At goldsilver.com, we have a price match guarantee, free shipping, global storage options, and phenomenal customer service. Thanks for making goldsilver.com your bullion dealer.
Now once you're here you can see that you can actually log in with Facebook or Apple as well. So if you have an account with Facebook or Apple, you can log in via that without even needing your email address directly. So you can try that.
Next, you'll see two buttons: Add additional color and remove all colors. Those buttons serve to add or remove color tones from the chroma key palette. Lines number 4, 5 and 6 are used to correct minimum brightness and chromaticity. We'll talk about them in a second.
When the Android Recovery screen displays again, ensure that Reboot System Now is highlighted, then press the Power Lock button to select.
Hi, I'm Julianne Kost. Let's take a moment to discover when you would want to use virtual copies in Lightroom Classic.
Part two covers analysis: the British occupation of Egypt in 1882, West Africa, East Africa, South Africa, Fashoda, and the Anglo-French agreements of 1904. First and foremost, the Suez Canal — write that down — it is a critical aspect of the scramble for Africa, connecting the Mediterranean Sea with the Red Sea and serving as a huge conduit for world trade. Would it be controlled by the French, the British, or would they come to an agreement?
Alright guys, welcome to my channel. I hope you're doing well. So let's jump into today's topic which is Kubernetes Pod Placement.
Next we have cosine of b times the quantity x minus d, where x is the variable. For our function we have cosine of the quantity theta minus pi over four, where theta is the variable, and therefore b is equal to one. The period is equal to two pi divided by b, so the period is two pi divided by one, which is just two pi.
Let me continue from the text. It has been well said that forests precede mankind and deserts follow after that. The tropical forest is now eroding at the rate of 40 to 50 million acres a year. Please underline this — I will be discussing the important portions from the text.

########################################

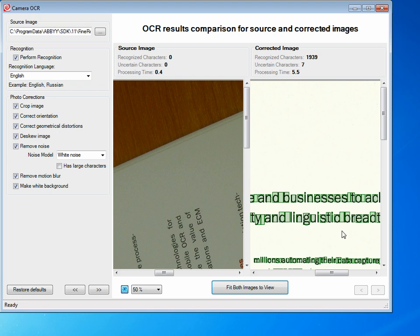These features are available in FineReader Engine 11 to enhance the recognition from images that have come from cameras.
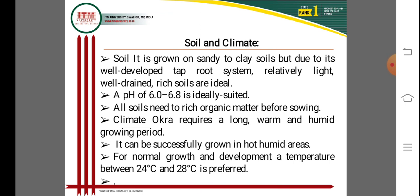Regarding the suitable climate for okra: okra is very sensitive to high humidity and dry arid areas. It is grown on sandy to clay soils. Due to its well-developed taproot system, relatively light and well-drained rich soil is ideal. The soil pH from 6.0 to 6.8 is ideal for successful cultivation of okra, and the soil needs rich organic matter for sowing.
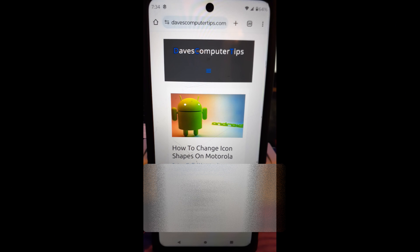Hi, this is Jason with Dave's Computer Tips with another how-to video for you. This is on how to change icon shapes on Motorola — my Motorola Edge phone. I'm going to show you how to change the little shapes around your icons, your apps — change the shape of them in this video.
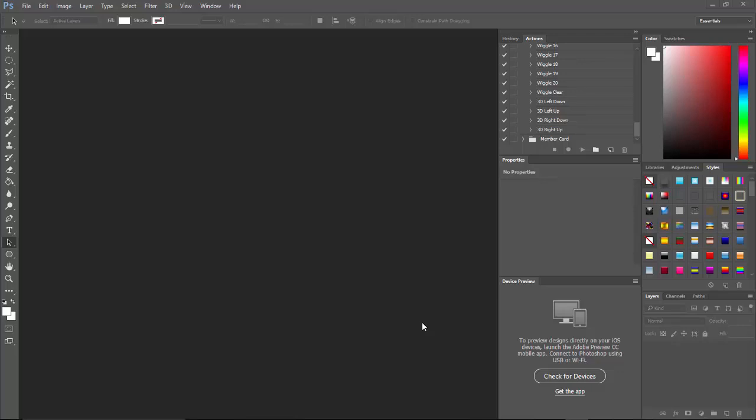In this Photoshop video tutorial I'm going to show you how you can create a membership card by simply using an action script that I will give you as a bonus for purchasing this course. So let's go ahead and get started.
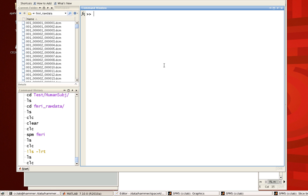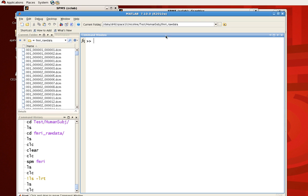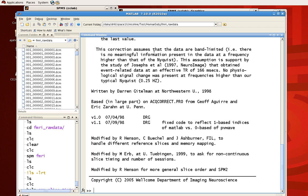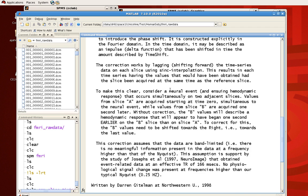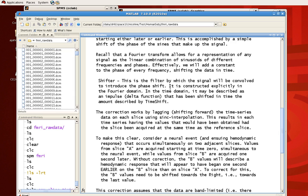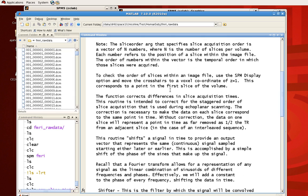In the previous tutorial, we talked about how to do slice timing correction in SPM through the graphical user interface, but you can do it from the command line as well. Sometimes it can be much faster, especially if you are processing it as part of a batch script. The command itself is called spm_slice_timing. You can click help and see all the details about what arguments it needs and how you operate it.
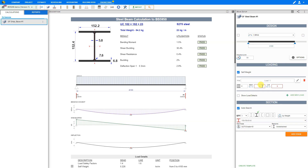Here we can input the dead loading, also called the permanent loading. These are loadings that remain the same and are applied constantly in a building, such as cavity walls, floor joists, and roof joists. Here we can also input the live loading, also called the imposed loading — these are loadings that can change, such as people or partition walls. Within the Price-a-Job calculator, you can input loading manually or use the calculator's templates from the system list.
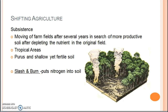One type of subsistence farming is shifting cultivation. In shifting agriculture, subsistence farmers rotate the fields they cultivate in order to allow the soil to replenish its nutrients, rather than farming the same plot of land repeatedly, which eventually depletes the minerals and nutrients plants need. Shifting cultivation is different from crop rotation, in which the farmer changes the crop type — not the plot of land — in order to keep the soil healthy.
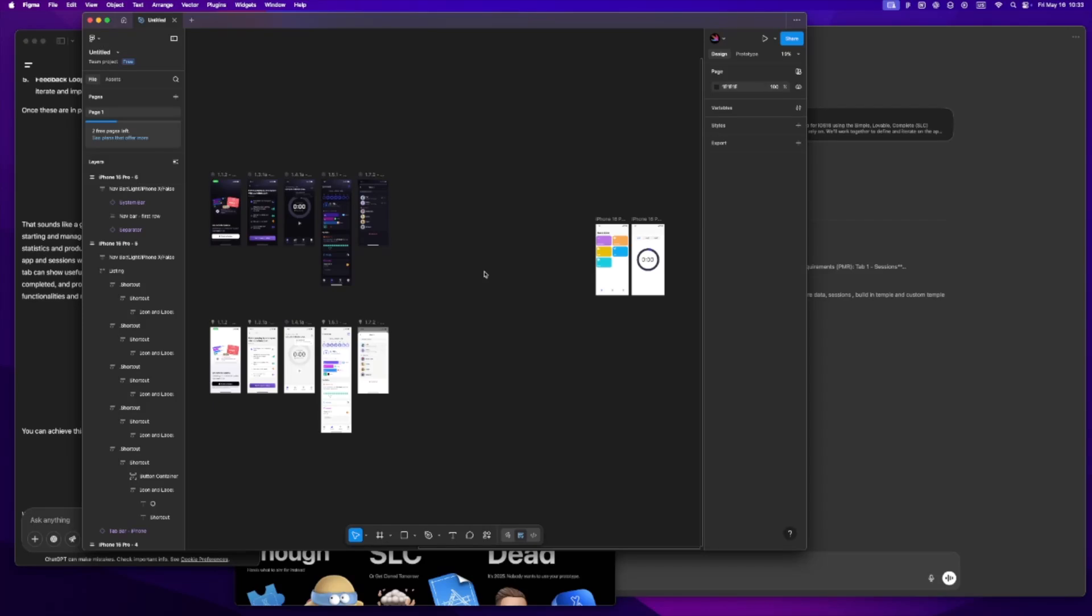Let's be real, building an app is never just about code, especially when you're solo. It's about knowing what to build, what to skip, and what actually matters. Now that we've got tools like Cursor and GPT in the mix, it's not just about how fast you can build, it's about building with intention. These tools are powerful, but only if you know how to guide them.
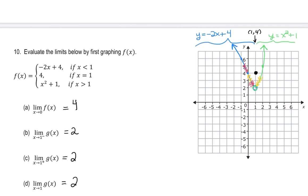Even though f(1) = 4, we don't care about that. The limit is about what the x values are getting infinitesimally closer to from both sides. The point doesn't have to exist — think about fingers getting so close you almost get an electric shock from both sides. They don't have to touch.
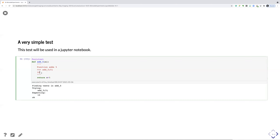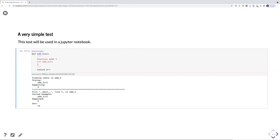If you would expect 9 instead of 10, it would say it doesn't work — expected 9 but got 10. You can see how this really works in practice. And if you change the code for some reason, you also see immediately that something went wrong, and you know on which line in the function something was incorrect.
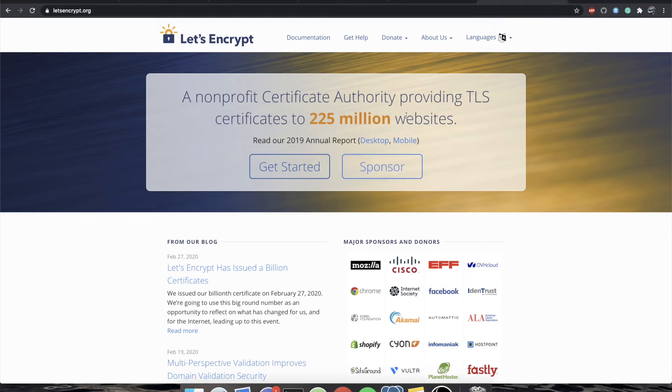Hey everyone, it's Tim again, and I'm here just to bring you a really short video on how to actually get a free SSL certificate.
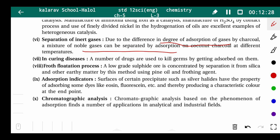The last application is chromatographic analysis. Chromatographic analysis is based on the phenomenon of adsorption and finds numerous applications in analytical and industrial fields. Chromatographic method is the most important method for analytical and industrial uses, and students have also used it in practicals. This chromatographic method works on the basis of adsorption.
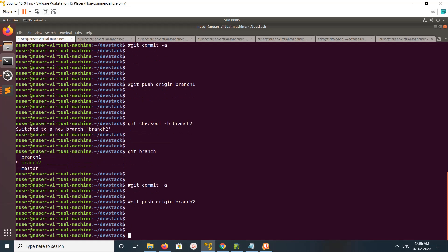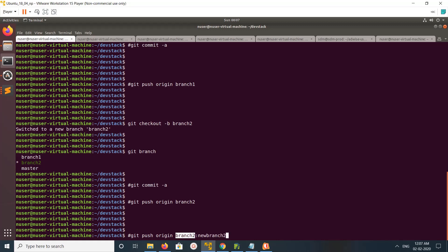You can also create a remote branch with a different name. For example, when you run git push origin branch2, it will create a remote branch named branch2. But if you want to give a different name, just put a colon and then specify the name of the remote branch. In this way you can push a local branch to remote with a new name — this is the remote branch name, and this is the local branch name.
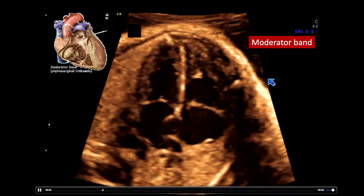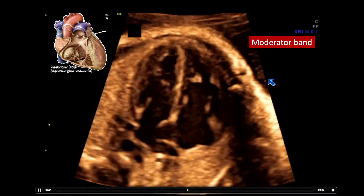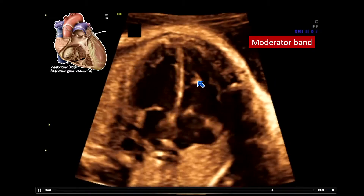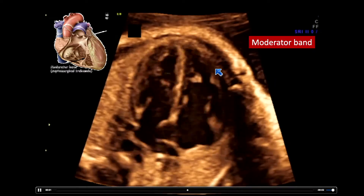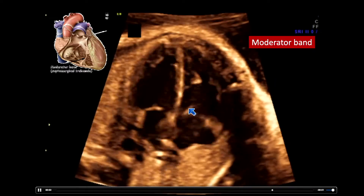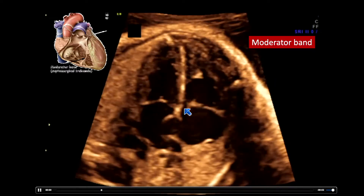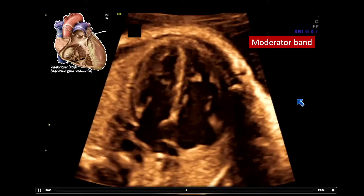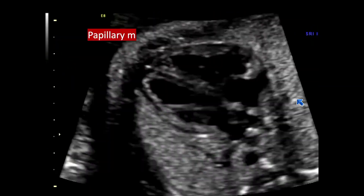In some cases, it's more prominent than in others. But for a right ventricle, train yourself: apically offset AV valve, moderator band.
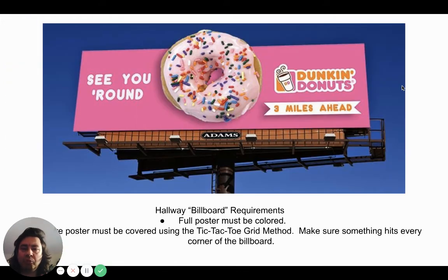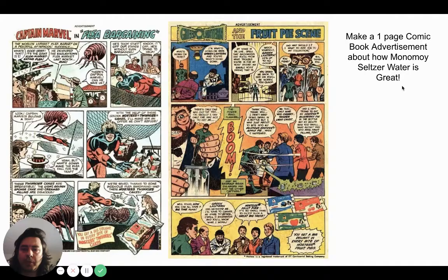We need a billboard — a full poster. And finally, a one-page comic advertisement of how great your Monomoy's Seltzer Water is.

########################################

• WORK TO COMPLETE:
Look above for the line with "Hi, this is"; quote it and every line after it, stopping after the line with "Here we can input", exactly, with nothing added and without pictures.

• ANSWER TO THIS PROBLEM:
Hi, this is Jason with Dave's Computer Tips with another how-to video for you. This is on how to change icon shapes on Motorola — my Motorola Edge phone. I'm going to show you how to change the little shapes around your icons, your apps — change the shape of them in this video.
In this Photoshop video tutorial I'm going to show you how you can create a membership card by simply using an action script that I will give you as a bonus for purchasing this course. So let's go ahead and get started.
In the previous tutorial, we talked about how to do slice timing correction in SPM through the graphical user interface, but you can do it from the command line as well. Sometimes it can be much faster, especially if you are processing it as part of a batch script. The command itself is called spm_slice_timing. You can click help and see all the details about what arguments it needs and how you operate it.
Here we can input the dead loading, also called the permanent loading. These are loadings that remain the same and are applied constantly in a building, such as cavity walls, floor joists, and roof joists. Here we can also input the live loading, also called the imposed loading — these are loadings that can change, such as people or partition walls. Within the Price-a-Job calculator, you can input loading manually or use the calculator's templates from the system list.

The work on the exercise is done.